Irish finance minister orders multi-agency probe into Polymarket by-election betting
Irish Finance Minister Simon Harris instructed officials on May 19 to analyze suspicious betting activity on Polymarket tied to a Dublin by-election, raising the matter in parliament and telling Gardaí, regulators, and government departments to examine whether the activity warranted further scrutiny. Harris called the platform a 'Wild West of unregulated betting' and said officials would carry out a multi-pronged investigation. Irish authorities have not previously targeted Polymarket in this manner. The directive follows reports of unusual trading activity related to the Dublin Central by-election, with Bloomberg reporting the announcement on May 19 and RTE noting the Tánaiste confirmed the cross-agency review on Tuesday, May 19.

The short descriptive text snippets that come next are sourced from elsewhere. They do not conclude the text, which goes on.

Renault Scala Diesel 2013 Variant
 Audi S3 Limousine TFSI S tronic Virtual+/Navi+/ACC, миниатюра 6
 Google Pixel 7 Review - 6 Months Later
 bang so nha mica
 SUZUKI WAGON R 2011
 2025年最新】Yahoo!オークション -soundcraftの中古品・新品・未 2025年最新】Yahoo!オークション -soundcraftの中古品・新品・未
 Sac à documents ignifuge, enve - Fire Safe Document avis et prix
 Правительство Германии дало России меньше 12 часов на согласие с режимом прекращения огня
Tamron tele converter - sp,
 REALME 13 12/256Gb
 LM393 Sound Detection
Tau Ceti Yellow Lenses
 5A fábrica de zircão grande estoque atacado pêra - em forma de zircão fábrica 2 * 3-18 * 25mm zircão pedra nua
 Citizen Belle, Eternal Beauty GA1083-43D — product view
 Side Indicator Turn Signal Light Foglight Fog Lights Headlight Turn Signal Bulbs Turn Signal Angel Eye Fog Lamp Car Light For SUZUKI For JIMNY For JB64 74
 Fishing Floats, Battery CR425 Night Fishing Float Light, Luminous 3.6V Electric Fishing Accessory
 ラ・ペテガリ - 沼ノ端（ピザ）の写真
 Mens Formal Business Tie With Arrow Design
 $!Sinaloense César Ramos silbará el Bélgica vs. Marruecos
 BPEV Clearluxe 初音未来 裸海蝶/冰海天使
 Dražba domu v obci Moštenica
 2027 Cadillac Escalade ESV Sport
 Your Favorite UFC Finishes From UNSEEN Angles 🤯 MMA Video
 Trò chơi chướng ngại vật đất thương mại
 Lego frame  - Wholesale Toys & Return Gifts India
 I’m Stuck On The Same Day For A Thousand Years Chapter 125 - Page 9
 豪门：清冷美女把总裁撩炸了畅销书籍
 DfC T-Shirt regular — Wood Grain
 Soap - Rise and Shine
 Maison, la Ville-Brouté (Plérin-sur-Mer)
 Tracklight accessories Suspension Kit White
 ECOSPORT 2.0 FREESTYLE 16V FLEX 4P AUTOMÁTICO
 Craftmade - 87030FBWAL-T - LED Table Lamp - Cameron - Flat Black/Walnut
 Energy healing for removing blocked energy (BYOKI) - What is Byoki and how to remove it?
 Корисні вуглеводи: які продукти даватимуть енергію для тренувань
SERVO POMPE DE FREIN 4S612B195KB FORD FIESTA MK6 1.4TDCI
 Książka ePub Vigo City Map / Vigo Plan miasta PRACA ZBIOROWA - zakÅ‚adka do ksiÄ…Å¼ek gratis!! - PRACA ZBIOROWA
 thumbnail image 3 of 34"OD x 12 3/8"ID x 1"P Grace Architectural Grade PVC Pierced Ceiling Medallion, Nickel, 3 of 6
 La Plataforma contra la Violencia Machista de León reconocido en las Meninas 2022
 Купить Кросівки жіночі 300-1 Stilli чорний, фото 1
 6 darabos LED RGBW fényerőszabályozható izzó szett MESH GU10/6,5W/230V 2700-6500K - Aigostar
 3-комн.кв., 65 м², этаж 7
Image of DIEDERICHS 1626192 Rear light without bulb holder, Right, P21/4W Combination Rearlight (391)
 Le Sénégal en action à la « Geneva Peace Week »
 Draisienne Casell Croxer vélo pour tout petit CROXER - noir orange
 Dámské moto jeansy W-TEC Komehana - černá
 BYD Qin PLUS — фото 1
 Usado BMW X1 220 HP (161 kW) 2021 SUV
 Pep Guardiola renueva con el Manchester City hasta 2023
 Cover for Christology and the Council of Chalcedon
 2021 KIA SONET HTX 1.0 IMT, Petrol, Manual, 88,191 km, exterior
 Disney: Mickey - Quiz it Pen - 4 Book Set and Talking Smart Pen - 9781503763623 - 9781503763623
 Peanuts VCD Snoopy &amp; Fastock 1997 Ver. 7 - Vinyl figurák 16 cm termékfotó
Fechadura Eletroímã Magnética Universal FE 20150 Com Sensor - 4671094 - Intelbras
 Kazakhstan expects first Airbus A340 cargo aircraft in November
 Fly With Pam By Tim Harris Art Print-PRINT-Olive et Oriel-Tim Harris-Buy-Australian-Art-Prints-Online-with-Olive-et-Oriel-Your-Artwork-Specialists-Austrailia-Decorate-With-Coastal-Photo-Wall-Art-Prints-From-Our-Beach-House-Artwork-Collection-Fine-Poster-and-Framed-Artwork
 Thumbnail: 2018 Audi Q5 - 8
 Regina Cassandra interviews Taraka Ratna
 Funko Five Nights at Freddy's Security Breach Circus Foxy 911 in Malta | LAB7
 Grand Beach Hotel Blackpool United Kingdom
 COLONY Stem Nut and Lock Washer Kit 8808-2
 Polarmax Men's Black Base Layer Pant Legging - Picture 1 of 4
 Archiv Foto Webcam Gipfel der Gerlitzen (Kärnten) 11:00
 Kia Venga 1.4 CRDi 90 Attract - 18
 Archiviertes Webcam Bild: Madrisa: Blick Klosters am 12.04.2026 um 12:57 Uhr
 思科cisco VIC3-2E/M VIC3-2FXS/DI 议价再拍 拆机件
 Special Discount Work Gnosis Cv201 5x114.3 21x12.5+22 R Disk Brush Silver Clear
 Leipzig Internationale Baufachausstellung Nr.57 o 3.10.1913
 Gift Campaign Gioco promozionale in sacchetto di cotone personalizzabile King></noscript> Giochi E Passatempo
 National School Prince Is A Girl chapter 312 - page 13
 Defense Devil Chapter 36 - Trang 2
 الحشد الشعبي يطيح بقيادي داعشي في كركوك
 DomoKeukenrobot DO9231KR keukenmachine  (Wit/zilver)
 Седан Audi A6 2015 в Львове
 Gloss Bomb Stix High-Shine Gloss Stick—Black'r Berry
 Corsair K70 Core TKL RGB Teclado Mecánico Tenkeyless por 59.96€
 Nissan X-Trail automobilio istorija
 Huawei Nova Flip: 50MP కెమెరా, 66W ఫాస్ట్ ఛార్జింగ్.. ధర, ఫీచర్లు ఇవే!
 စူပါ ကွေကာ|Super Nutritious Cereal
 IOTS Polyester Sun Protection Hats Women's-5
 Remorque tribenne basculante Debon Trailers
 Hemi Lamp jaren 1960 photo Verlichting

Polymarket must now defend against a fifth concurrent investigation while simultaneously responding to Senate-mandated KYC pressure and CFTC records requests. Any confirmed market-integrity gap in the Dublin Central market could force the platform to build real-time position monitoring or face binding federal registration requirements.
Joins the Senate's unanimous ban, the CFTC records request, and Kalshi's compliance surge as the fourth concurrent federal or parliamentary action this month tightening the regulatory perimeter around Polymarket and Kalshi.